WHAT WE’RE READING THIS WEEK

  • In a report for the Brookings Institution, Anne Joseph O’Connell examines nominations requiring senatorial confirmation based on data from the past five presidents. O’Connell found that, since President Ronald Reagan took office, one-fifth of all nominees submitted to the Senate for confirmation to the more than 1,200 agency positions that require such approval, were not successful. One-third of President Barack Obama’s nominees were not confirmed. Further, on average,the Senate took three months to confirm nominations, but, for President Obama’s nominees, the average wait time increased to four months.

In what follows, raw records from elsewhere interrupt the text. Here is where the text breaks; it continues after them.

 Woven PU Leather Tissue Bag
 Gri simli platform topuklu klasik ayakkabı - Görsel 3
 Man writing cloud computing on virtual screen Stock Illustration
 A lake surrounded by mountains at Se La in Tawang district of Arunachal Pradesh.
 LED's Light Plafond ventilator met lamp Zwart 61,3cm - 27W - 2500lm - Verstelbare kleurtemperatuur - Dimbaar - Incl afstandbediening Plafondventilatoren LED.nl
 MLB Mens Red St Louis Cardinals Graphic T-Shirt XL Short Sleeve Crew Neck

  • Integrated Regional Information Networks (IRIN) published an essay arguing that the U.S. remaining in the Paris Agreement could actually be detrimental to the environment. The article’s author observes that, under the Paris Agreement, the U.S. would be legally allowed “to modify or even scale down its emission reduction targets without breaching the agreement’s principles,” creating “dangerous precedent.” Countries in Africa and Asia might “welcome the opportunity to water down their pledges” to combat climate change. However, Saleemul Huq, a senior fellow working on climate change at the International Institute for Environment and Development (IIED), reportedly said of the United States, “Let them leave us and go in the opposite direction and let us move forward together.”

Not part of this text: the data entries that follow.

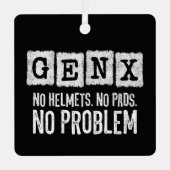 Gen X世代X問題なしGen Xer世代おもしろいX メタルオーナメント (正面)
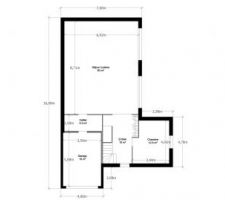 Première ébauche du Plan du rdc pour un R+Combles
Le Nord est en bas de l'image, coté garage.
L'entrée est constituée d'un WC et de l'escalier puis d'un bureau. Une buanderie sera dans le prolongement du garage. Ensuite une grande pièce de vie avec cuisine accolée à la buanderie, une table à manger et au fond, le salon qui sera en séjour cathédrale avec cheminée et baie vitrée de grande hauteur. Il manque une ou deux ouvertures à mon gout...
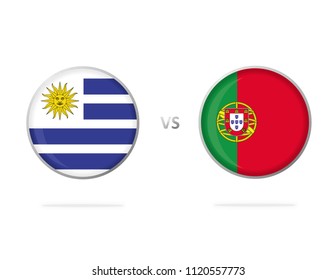 Uruguay vs Portugal. Flag in a Circle. Button Vector. White Background. Football Competition.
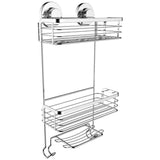 Discover vidan home solutions shower caddy dual installation hanging or mounted rustproof multi shelf basket shower organizer includes soap dish and hooks for razor towels shampoo and conditioner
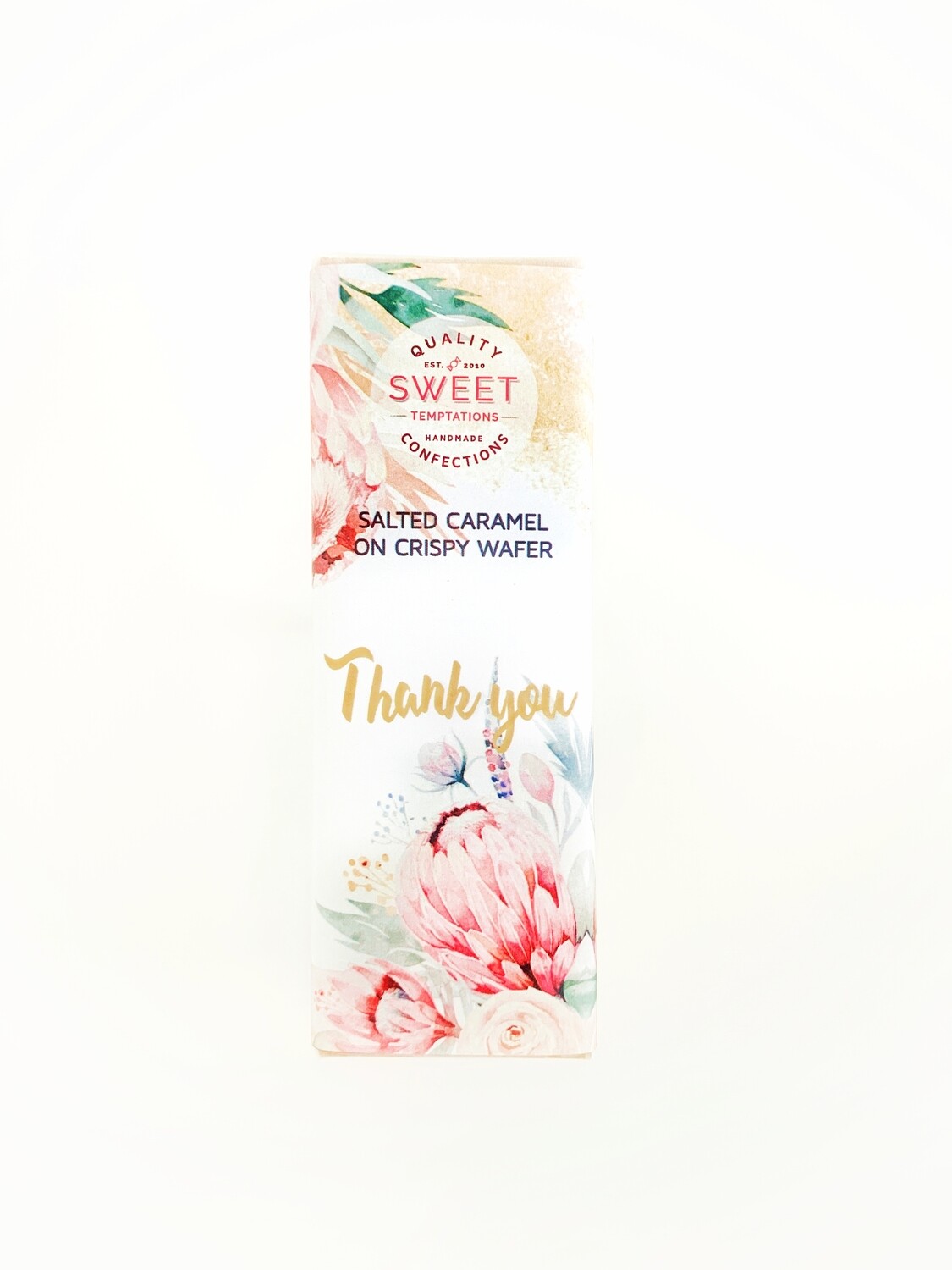 Salted Caramel Toffee on a Crispy Wafer with a Customised &quot;Thank You&quot; Wrapper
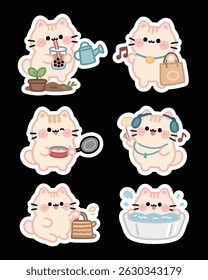 A high-resolution kawaii sticker pack featuring cute cartoon cats in different poses and accessories. Ideal for journals, planners, emojis, printable crafts, scrapbooking, and chat apps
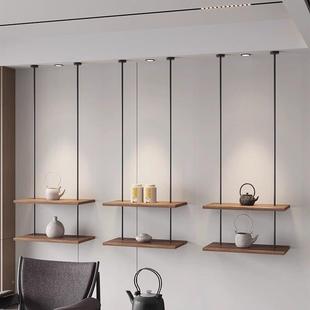 简约客厅悬挂置物架茶室景架墙装饰架书背房墙PKH上架搁吊板展示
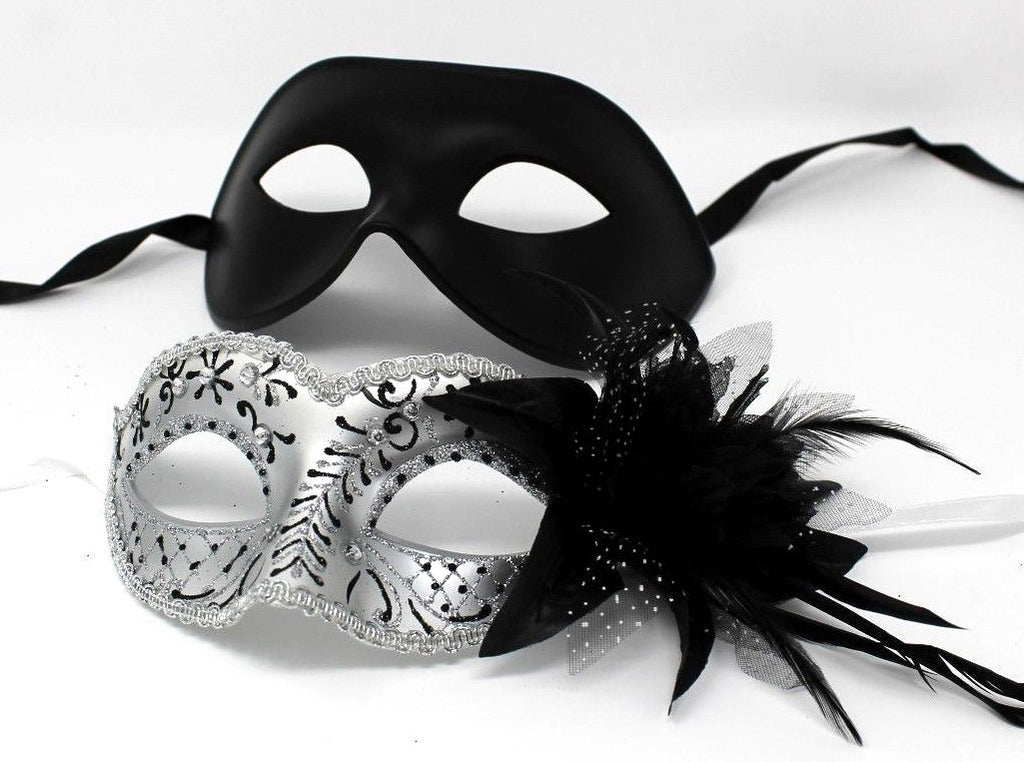 HIS N HERS PAIR COUPLES SILVER AND  BLACK VENETIAN MASQUERADE PARTY  EYE MASKS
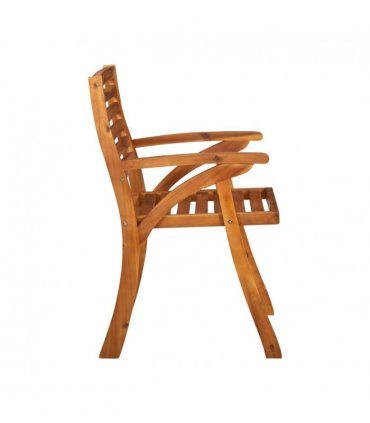 vidaXL Garden Chair | Set of 3 | Brown | Solid Acacia wood | Medium — Size: 59 x 59 x 87 cm
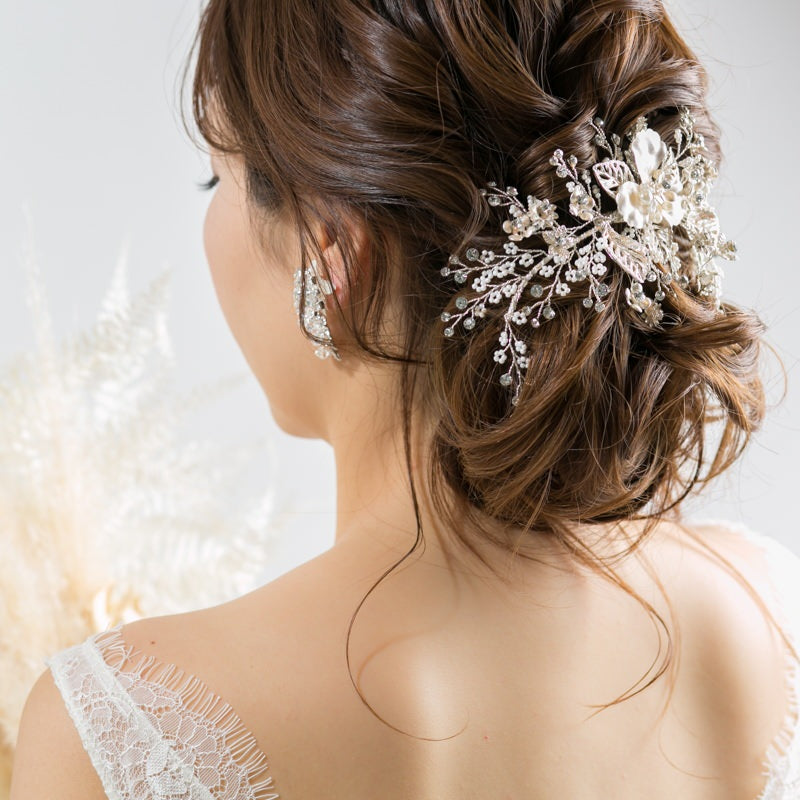 【ヘッドドレス】小枝 メタルレースフラワー&ビジュー ブライダルアクセサリー 【結婚式　ヘアアクセサリー】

  • Writing for the Heritage Foundation, Justin Bogie argues against the increasing power of agencies, holding that “steps must be taken to restore” Congress’s spending power “and bring accountability back to the appropriations process.” Agencies do not have to rely on Congressional appropriations to use funds from “fines, fees, and proceeds from legal settlements, ” which amounted to $516 billion in 2015. Bogie praises the Agency Accountability Act of 2017, a bill introduced in the Senate and in the House, which would increase Congress’s alleged “diluted…oversight ability” by instructing agencies to give their funds to the U.S. Department of the Treasury and undergo the appropriations process.